Nationals manager Davey Johnson will always be a Baltimore Oriole at heart. He played eight years for that organization during its glory days under manager Earl Weaver in the 1960s and early 1970s. He managed it to back-to-back playoff berths in 1996 and 1997. So the loss of Mike Flanagan, a longtime Orioles player, coach, executive and broadcaster, to a self-inflicted gunshot on Wednesday left Johnson heartbroken.
“He was a good friend and I think the world of him,” Johnson said. “I just wished I’d known he was having a struggle. I’d sure like to have talked to him.

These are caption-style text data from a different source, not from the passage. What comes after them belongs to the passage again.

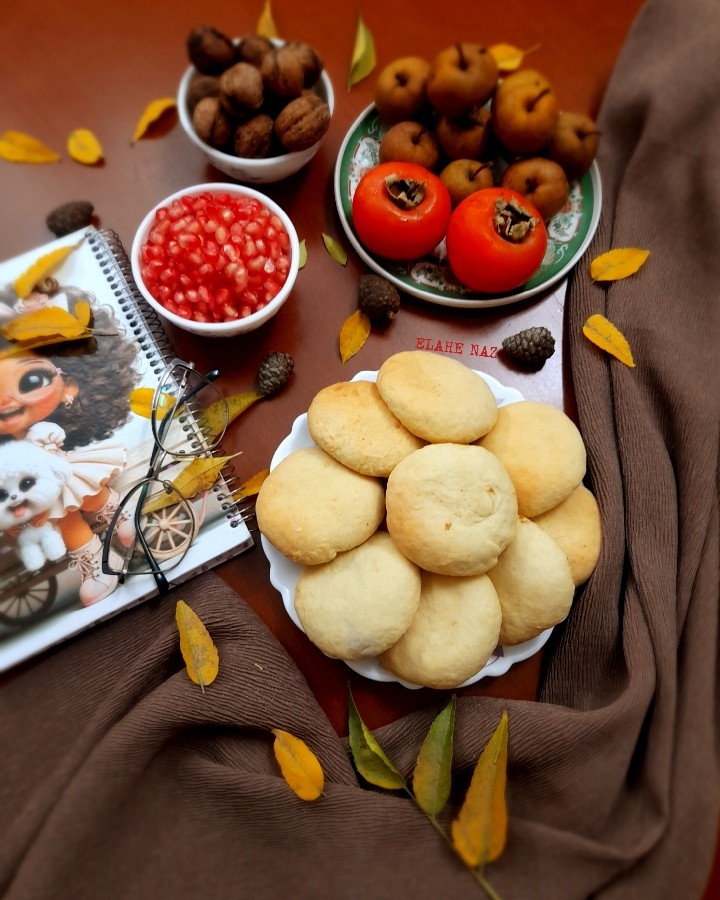 عکس کلوچه سیب‌و‌دارچین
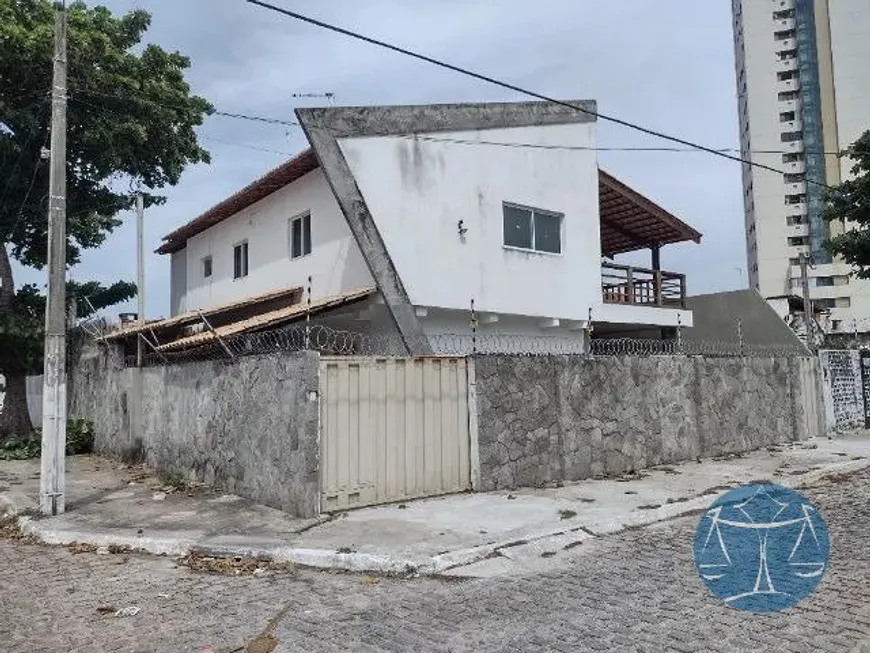 Foto 1 de Casa com 6 Quartos à venda, 279m² em Ponta Negra, Natal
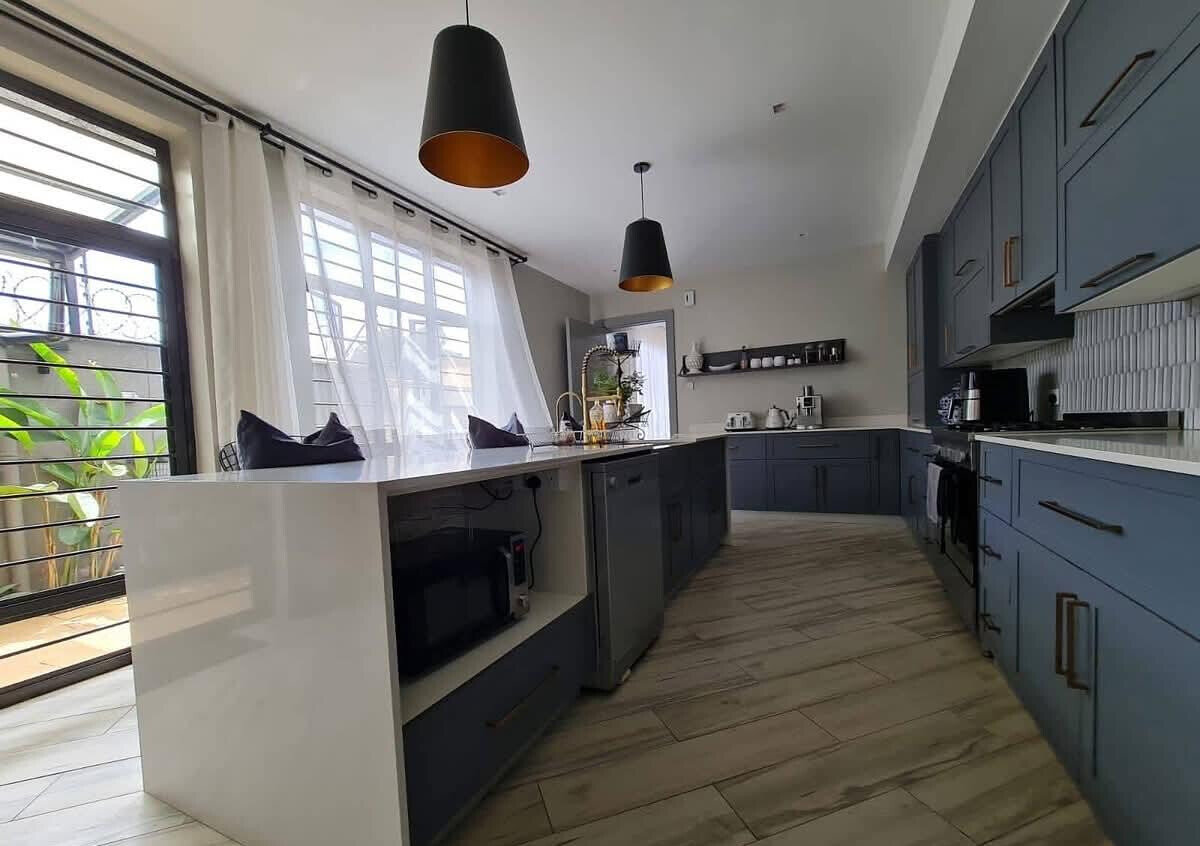 5 En-Suite Townhouse with UN Security & Generator - Kitisuru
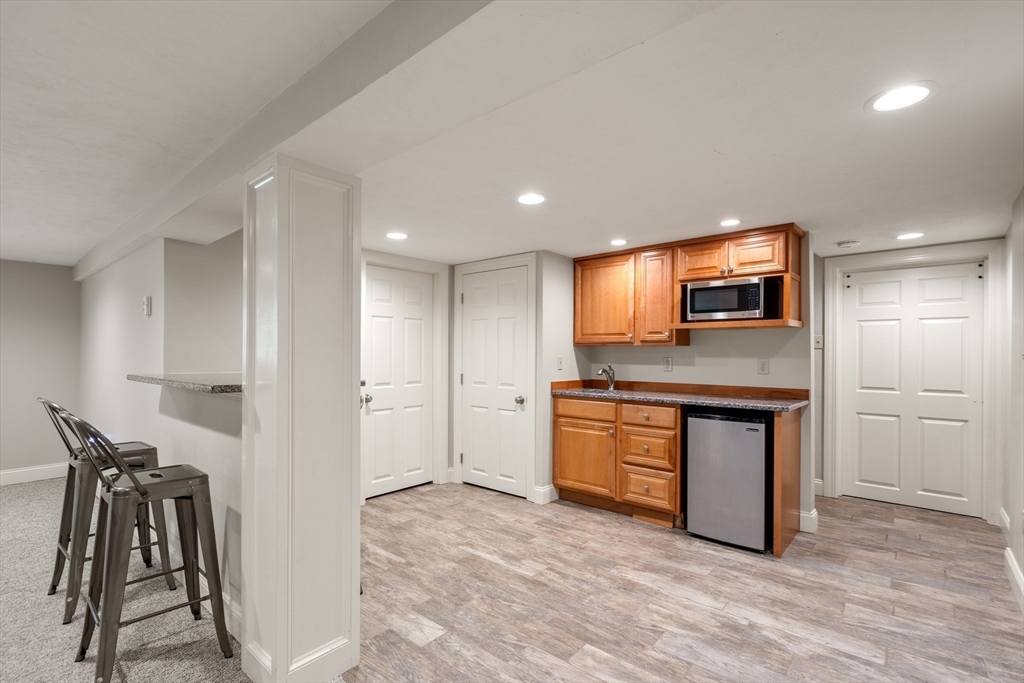 20 Belcher Dr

It’s just a terrible loss. Everybody that knew Flanny loved him.”
Johnson’s career in Baltimore ended in 1972 and Flanagan joined the organization the year after as a minor-leaguer. But Flanagan served as the team’s color commentator during the two years Johnson managed Baltimore so the two knew each other well. And, of course, there was the bond between all Orioles who played under the brilliant, bombastic Weaver.
Even with the awards and championships, Flanagan had one last memorable moment late in his career. Back with the Orioles after a 2 1/2-year stint with the Toronto Blue Jays, Flanagan got to pitch the final inning in the last game at Baltimore’s old Memorial Stadium, the understated ballpark where the Orioles and NFL’s Baltimore Colts delivered so many titles over 37 years. A roaring sellout crowd on Oct. 6, 1991 demanded Flanagan pitch the ninth inning even though a 7-1 loss to the Detroit Tigers was imminent. He struck out the two batters he faced.
I was just a kid watching on television that day in my suburban Maryland home. But to this day I have never seen a more emotional closing ceremony in sports. Maybe the Yankees and Red Sox and Dodgers can all match or exceed the Orioles for great players. But Baltimore moved from St. Louis in 1954 and no team in baseball had a better run from 1961 to 1985 with 24 winning seasons, three Word Series championships, six American League pennants and seven A.L. East titles. And all of those players were still around in 1991. Their best moments hadn’t happened 50 years before, their exploits were in living memory of most of that crowd.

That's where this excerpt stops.